Matfield Green - Our first years

Monday, September 18, 2006

The Town Picnic

Yesterday morning Tom, Phil and Bill put up Jane Koger's tent in the yard between the old elementary school and high school gym, in the place where Matfield Green High School used to be. June Talkington brought his cooker. A heavy, rusted steel grill that he made with a friend one day long ago. Tables came from our house, from Tom and Phil and from the Land Institute - the organization owns the land and the buildings and has renovated the grade school for use as a low-tech conference center. They carried 40 chairs out from storage in the grade school auditorium.

Burgers and buns and paper goods were provided using proceeds from "Matfield Green Day" an annual festival that ran from 2000 to 2004, drawing a crowd, earning some money and exhausting the five or six people who made it all happen.

At four o'clock the people started arriving, with salads and desserts and a handful of children to liven up the party. Tom set up a baci ball court and 8 of us played a down-to-the-wire game: Greens 15; Reds 14.

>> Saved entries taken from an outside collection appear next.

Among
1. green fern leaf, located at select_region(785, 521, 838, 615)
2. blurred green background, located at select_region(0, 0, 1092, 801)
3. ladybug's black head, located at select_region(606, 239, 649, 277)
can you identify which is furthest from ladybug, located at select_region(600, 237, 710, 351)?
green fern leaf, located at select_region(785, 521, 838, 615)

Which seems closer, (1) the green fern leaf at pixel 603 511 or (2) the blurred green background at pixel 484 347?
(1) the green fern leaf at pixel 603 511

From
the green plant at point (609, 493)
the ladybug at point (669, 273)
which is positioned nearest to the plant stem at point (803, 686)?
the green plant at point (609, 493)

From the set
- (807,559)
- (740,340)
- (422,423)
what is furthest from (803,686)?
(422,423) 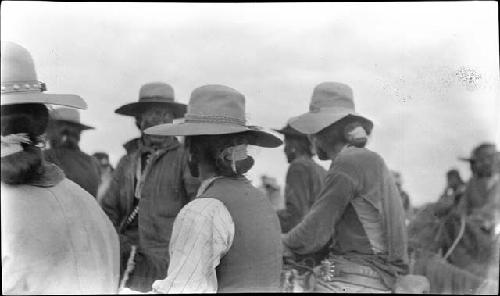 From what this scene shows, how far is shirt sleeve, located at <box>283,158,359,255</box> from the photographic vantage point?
291 cm

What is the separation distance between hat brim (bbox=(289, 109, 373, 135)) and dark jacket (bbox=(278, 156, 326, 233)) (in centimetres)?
12

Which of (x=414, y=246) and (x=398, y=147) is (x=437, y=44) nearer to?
(x=398, y=147)

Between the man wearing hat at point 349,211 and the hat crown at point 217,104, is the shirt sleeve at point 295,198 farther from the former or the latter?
the hat crown at point 217,104

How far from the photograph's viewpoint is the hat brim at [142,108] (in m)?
2.88

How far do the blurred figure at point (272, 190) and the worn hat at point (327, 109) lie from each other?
0.24 m

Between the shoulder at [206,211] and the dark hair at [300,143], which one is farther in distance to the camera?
the dark hair at [300,143]

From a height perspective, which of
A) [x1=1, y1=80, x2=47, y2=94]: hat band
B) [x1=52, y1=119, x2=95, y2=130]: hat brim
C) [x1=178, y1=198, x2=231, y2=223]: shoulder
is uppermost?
[x1=1, y1=80, x2=47, y2=94]: hat band

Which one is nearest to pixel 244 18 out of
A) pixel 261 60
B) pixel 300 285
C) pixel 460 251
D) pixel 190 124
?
pixel 261 60

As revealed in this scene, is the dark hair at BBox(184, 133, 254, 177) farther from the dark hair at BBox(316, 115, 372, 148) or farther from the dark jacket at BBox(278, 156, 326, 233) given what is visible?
the dark hair at BBox(316, 115, 372, 148)

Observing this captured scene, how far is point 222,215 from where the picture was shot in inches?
107

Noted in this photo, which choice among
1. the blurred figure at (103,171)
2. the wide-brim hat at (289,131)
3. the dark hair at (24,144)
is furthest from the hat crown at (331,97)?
the dark hair at (24,144)

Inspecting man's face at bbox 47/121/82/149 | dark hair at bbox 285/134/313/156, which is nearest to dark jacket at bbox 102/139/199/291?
man's face at bbox 47/121/82/149

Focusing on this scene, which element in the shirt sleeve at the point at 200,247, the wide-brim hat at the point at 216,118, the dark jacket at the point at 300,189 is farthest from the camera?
the dark jacket at the point at 300,189

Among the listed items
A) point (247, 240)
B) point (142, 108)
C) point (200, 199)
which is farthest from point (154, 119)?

We filled up all of the chairs and ate a lot of the food. Half the town plus a few of us from outside the city limits whose addresses still read 'Matfield Green.' Pretty good turnout I'd say. We noted that only 2 of the town's 6 elected officials attended. On the one hand, very strange. Why not show up? Don't they need the votes? But on the other hand, this is not Chicago, or even Emporia or Cottonwood Falls. Our government leaders don't need to go out of their way to stay in touch or be seen by their constituents. There is no need to pretend that they want to be at a picnic if they'd rather be somewhere else.

We learned over dinner that last week in a man was killed, hit by a car walking home from work late at night on the sidewalk-less mile of 55 mph highway between the "twin cities" of Strong City and Cottonwood Falls. The driver was a local young man of 23. Just graduated from college. A good kid. But he'd been drinking.

Even though I didn't know the dead man and have never met the driver, when the world is this small, it feels like a personal loss. There are only 3000 or so of us in this county. It's a loss we cannot afford.